- [WHAT THE TASK REQUIRES]:
Only the lines from the one containing "Motor TOYOTA YARIS" through the end of the entries are wanted, retyped exactly and without pictures.

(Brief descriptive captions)
☆ ☆ ☆ ☆ ☆
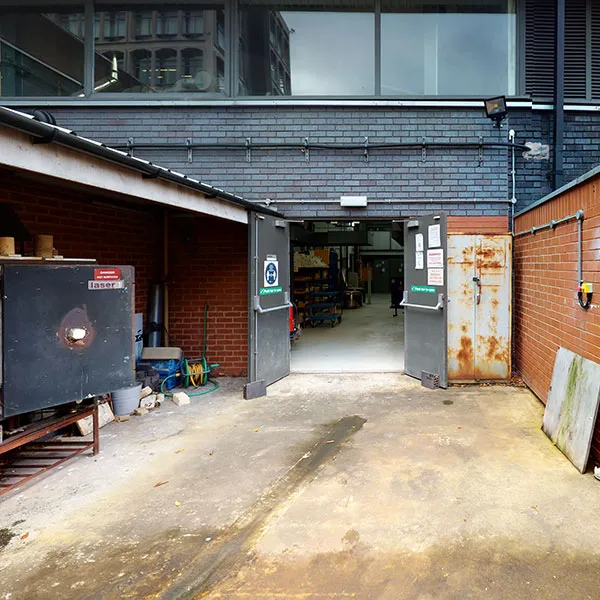 Ceramics Facilities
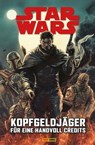 Star Wars - Kopfgeldjäger - Für eine handvoll Credits - Ethan Sacks - 9783736766006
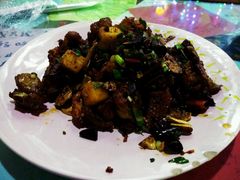 android_upload_pic-泸沽肴(泸沽湖大洛水村农村信用社旁店)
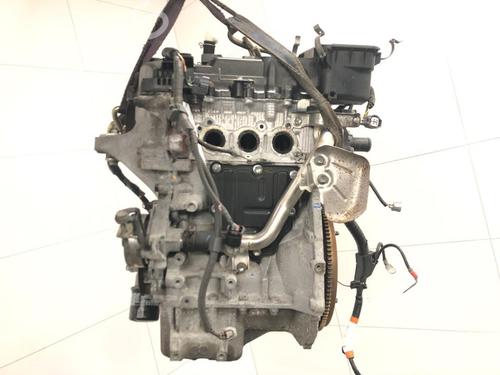 Motor TOYOTA YARIS (_P9_) 1.0 VVT-i (KSP90_, KSP90R) (69 hp) 25995252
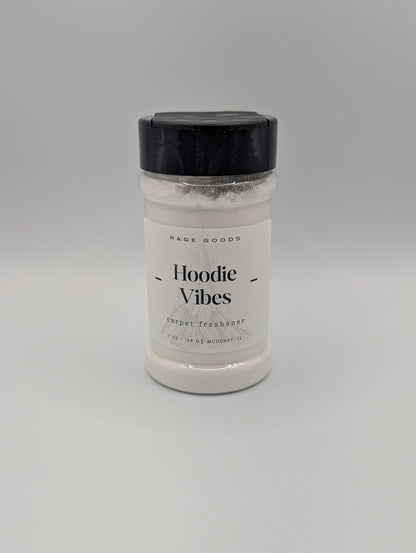 Hoodie Vibes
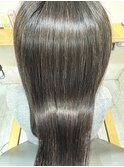 うるちゅる髪質改善
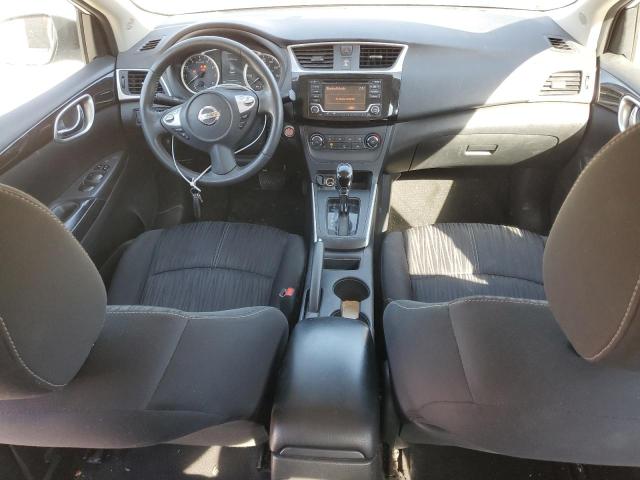 Photo 8 from auction – 2017 NISSAN SENTRA S with VIN 3N1AB7AP2HY400200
☆ ☆ ☆ ☆ ☆
- [FINISHED EXERCISE]:
 Motor TOYOTA YARIS (_P9_) 1.0 VVT-i (KSP90_, KSP90R) (69 hp) 25995252
 Hoodie Vibes
 うるちゅる髪質改善
 Photo 8 from auction – 2017 NISSAN SENTRA S with VIN 3N1AB7AP2HY400200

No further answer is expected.